> _DATA SUPPLIED_
══════════
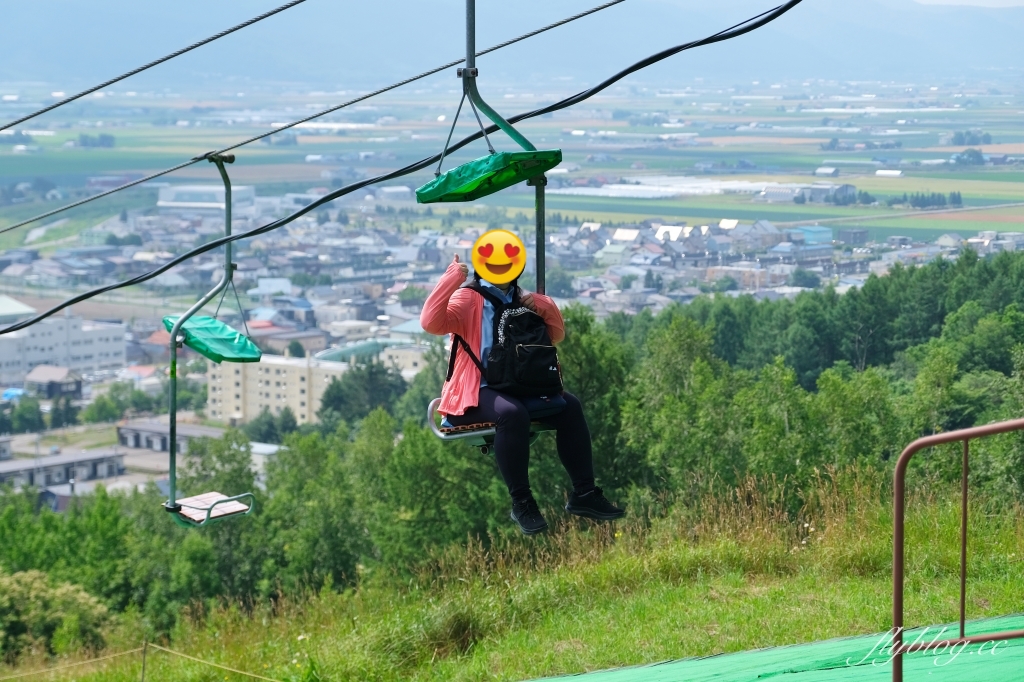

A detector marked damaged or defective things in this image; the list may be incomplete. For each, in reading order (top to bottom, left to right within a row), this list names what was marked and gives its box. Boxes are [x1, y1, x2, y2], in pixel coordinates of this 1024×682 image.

rusty railing [892, 417, 1024, 675]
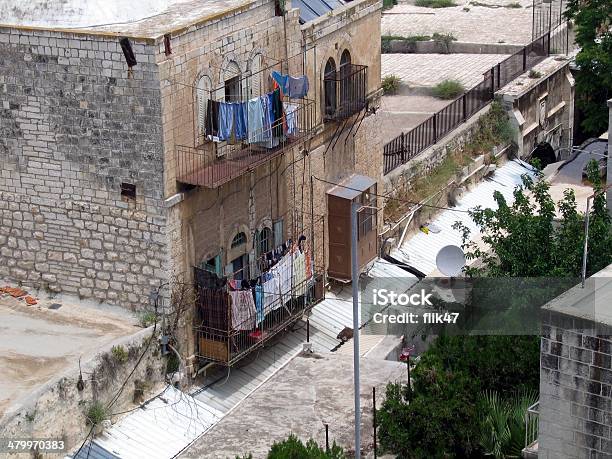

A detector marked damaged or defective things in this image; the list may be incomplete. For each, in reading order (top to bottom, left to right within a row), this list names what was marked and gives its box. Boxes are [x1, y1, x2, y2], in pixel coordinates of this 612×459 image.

rusty balcony [326, 65, 368, 122]
rusty balcony [175, 98, 314, 190]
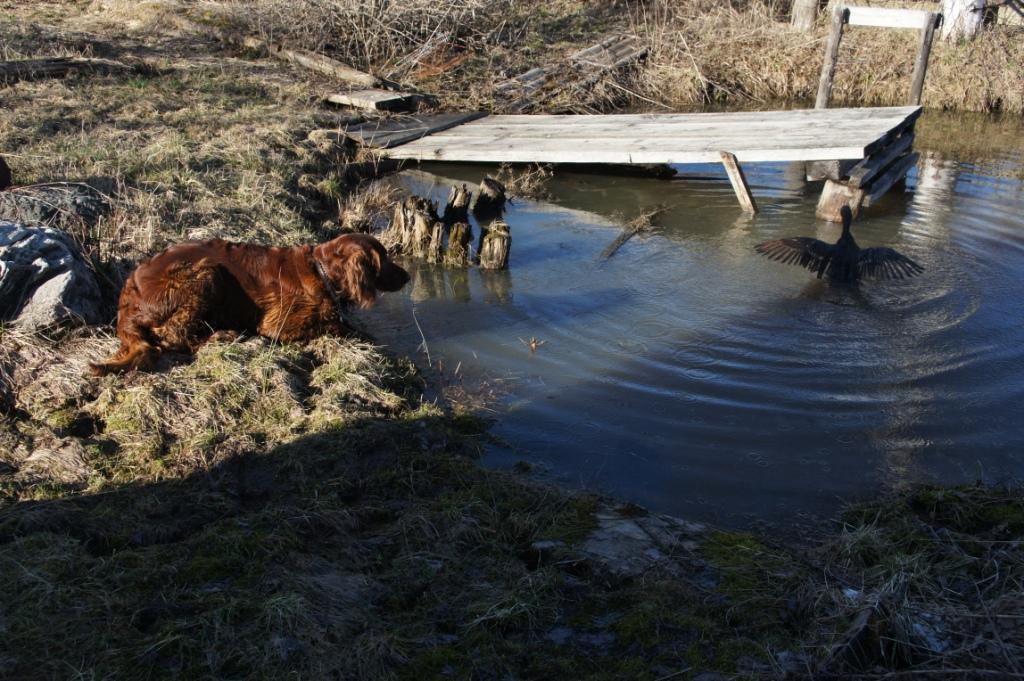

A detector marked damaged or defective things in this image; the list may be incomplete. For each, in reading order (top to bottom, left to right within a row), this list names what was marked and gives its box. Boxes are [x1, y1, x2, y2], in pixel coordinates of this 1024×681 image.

broken wooden board [493, 34, 647, 112]
broken wooden board [327, 89, 432, 112]
broken wooden board [344, 111, 487, 150]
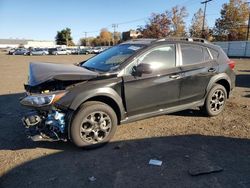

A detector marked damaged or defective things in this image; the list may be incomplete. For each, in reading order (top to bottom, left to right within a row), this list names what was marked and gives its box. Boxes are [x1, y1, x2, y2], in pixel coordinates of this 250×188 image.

crumpled hood [27, 62, 97, 86]
broken headlight [20, 91, 67, 107]
front-end crash damage [20, 62, 98, 142]
damaged gray suv [20, 37, 235, 147]
detached bumper piece [22, 109, 67, 142]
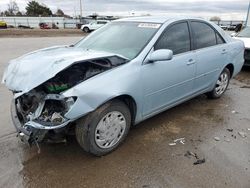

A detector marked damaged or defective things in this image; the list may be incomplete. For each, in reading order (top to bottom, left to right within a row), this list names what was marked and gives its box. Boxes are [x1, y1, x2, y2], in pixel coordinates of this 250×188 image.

crumpled hood [2, 45, 117, 94]
front end damage [5, 54, 127, 145]
damaged sedan [1, 16, 244, 156]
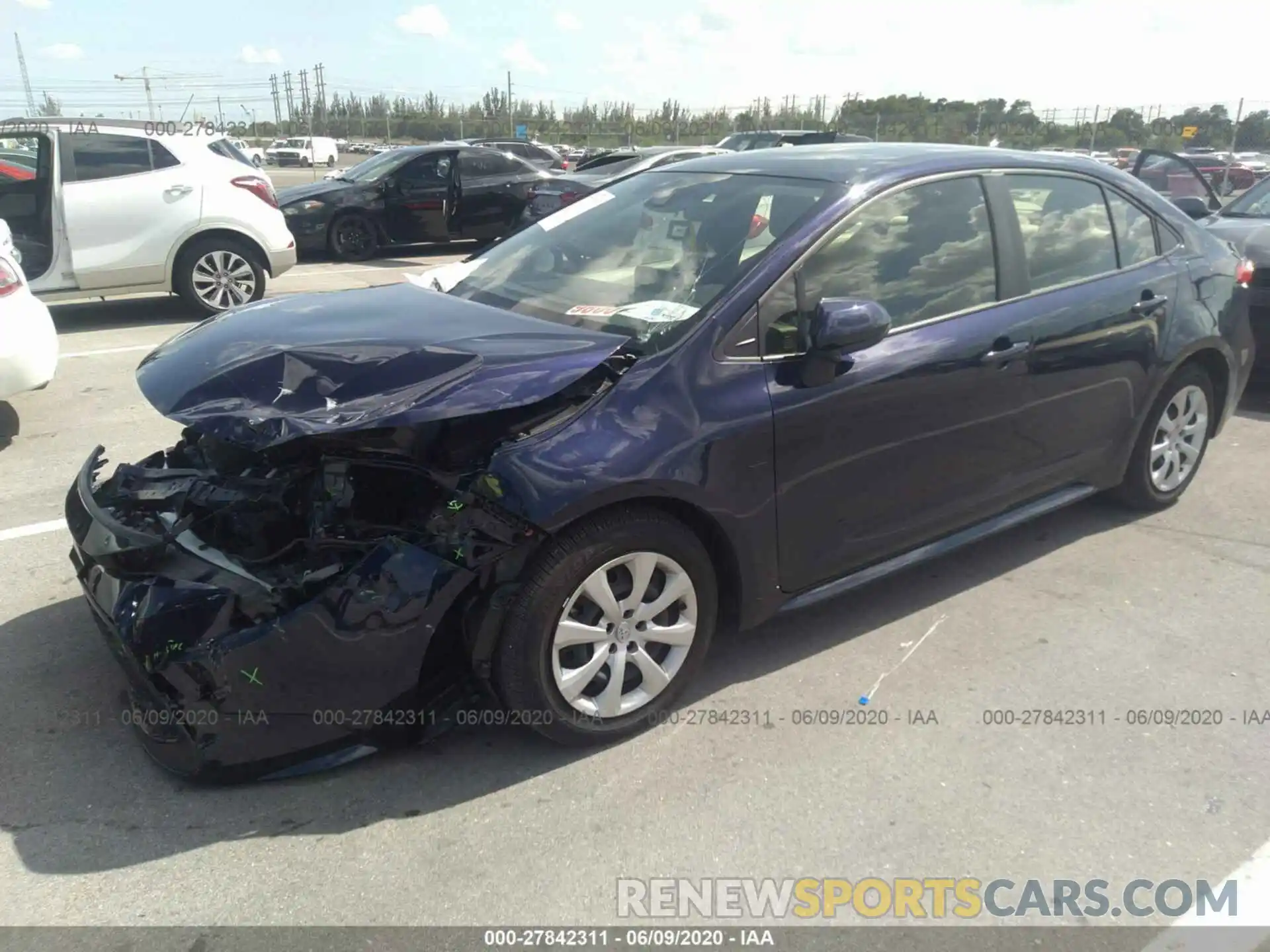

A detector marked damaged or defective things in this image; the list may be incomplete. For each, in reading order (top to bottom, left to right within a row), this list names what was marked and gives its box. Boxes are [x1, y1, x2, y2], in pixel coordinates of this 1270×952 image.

damaged front bumper [64, 439, 536, 781]
damaged front end of car [62, 286, 635, 781]
crumpled hood [136, 283, 632, 452]
black damaged sedan [64, 141, 1254, 781]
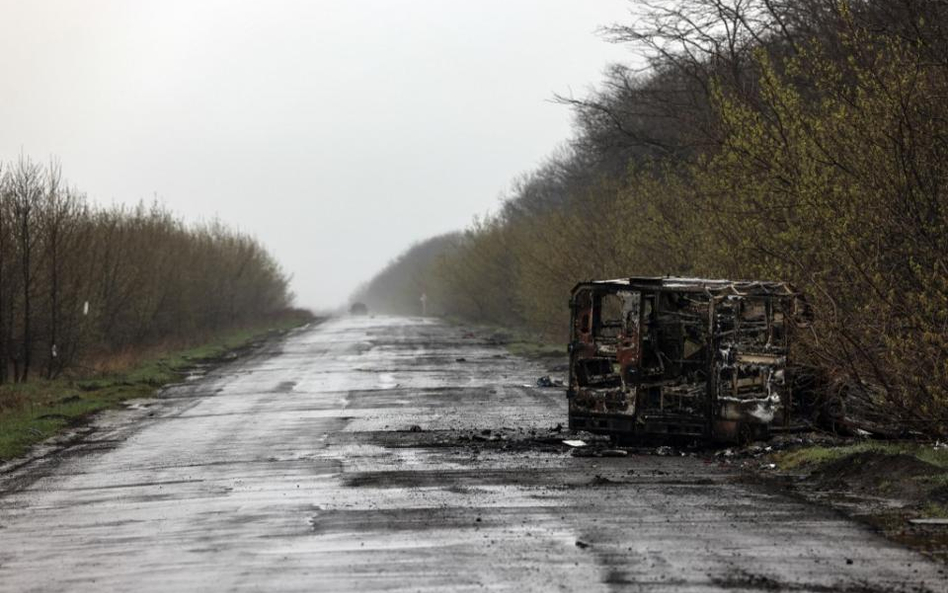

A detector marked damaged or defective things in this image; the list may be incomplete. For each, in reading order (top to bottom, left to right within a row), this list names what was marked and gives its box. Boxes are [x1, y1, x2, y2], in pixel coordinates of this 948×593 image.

burned-out vehicle [568, 276, 804, 440]
charred wreckage [572, 276, 808, 440]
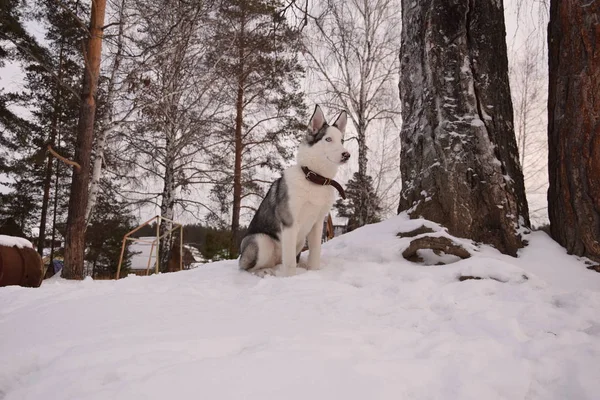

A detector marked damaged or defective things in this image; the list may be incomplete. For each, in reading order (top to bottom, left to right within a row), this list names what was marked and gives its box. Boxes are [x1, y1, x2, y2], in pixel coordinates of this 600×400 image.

rusty barrel [0, 244, 43, 288]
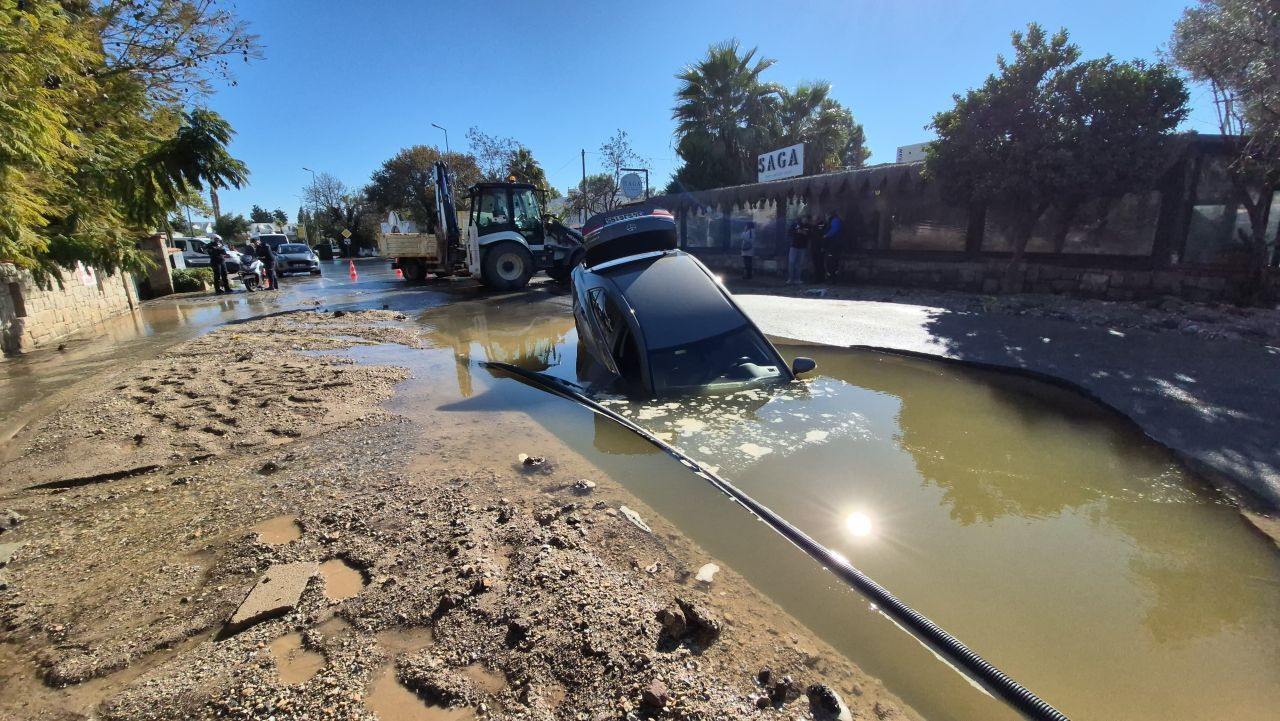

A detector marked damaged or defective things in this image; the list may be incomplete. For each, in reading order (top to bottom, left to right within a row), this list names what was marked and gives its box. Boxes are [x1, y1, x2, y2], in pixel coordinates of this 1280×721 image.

broken concrete chunk [622, 507, 655, 535]
broken concrete chunk [226, 563, 316, 632]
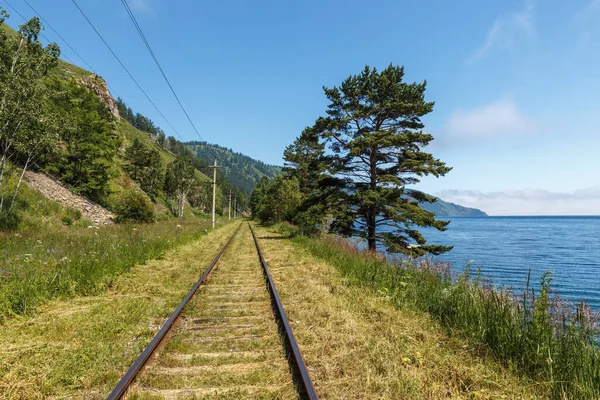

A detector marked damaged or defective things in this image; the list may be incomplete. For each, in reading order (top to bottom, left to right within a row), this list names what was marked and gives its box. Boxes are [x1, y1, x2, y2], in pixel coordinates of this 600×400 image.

rusty railway track [106, 222, 318, 400]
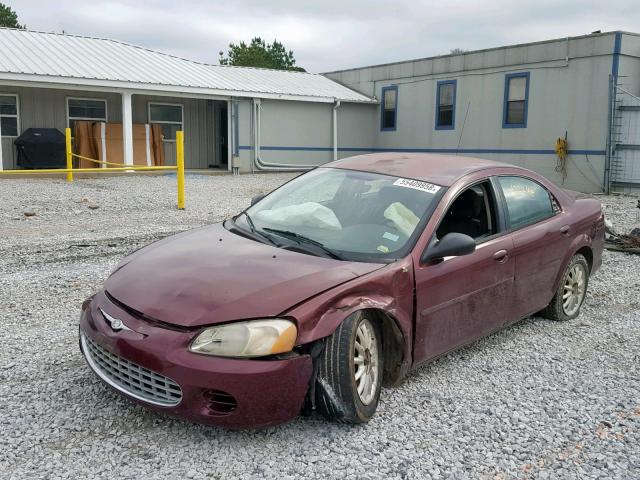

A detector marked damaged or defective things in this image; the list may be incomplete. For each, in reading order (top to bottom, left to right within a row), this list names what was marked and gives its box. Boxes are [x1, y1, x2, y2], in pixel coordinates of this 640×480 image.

damaged maroon sedan [80, 154, 604, 428]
══════════
> _WORK INSTRUCTIONS_
Transcribe the listing in full. Leave the pictures out.

> _TASK ANSWER_
A detector marked damaged or defective things in this image; the list may be incomplete. For each, in reading order (top to bottom, left to right within a row), this list names what was marked and gives its box. Boxes are [x1, y1, x2, y2], in pixel coordinates of this 1024×682 image.

rusty railing [892, 417, 1024, 675]

A detector marked damaged or defective things in this image; the list may be incomplete. For each, in reading order (top to bottom, left to right within a row), this list names what was marked and gives its box. Boxes are [x1, y1, x2, y2], in pixel coordinates of this 612×459 image.

rusty balcony [326, 65, 368, 122]
rusty balcony [175, 98, 314, 190]

A detector marked damaged or defective things in this image; the list may be incomplete. For each, in reading order (top to bottom, left to right within a row), this list names what was marked and gives its box. Boxes are [x1, y1, x2, y2], in pixel coordinates of this 1024×681 image.

broken wooden board [493, 34, 647, 112]
broken wooden board [327, 89, 432, 112]
broken wooden board [344, 111, 487, 150]

A detector marked damaged or defective things in this image; the list may be incomplete. For each, in reading order (top to bottom, left to right within a row), this list names what was marked and gives its box. Boxes are [x1, y1, x2, y2], in pixel coordinates of this 250×188 image.

crumpled hood [27, 62, 97, 86]
broken headlight [20, 91, 67, 107]
front-end crash damage [20, 62, 98, 142]
damaged gray suv [20, 37, 235, 147]
detached bumper piece [22, 109, 67, 142]

A detector marked damaged or defective things in this image; the list may be incomplete. For each, in reading order (top to bottom, left to right within a row), this list names what was marked and gives its box. Boxes are [x1, y1, x2, y2], in pixel coordinates of this 250×188 image.

crumpled hood [2, 45, 117, 94]
front end damage [5, 54, 127, 145]
damaged sedan [1, 16, 244, 156]

A detector marked damaged or defective things in this image; the list may be incomplete. For each, in reading order (top to bottom, left to right within a row), this list names what was marked and gives its box. Boxes are [x1, y1, x2, y2], in pixel coordinates of this 1270×952 image.

damaged front bumper [64, 439, 536, 781]
damaged front end of car [62, 286, 635, 781]
crumpled hood [136, 283, 632, 452]
black damaged sedan [64, 141, 1254, 781]

A detector marked damaged or defective things in this image; the list may be incomplete. For each, in reading order (top to bottom, left to right within a row), this list names what was marked and gives its box. Boxes are [x1, y1, x2, y2], in pixel coordinates of this 948×593 image.

burned-out vehicle [568, 276, 804, 440]
charred wreckage [572, 276, 808, 440]

A detector marked damaged or defective things in this image; the list may be incomplete. For each, in reading order (top to bottom, left to right within a row), this list names what was marked and gives its box. Boxes are [x1, y1, x2, y2], in pixel coordinates of this 600×400 image.

rusty barrel [0, 244, 43, 288]

A detector marked damaged or defective things in this image; the list may be incomplete. For each, in reading order (top to bottom, left to right within a row), this list names what was marked and gives its box. Boxes are [x1, y1, x2, y2], in pixel coordinates of this 1280×721 image.

broken concrete chunk [622, 507, 655, 535]
broken concrete chunk [226, 563, 316, 632]

A detector marked damaged or defective things in this image; the list may be incomplete. For each, in reading order (top to bottom, left to right within a row), this list names what was marked and gives its box. Boxes are [x1, y1, x2, y2], in pixel coordinates of this 600×400 image.

rusty railway track [106, 222, 318, 400]

A detector marked damaged or defective things in this image; the list may be incomplete. For each, in reading order (top to bottom, left to right within a row), this list names what was marked and gives its box. Boxes are [x1, y1, x2, y2], in pixel coordinates of this 640×480 image.

damaged maroon sedan [80, 154, 604, 428]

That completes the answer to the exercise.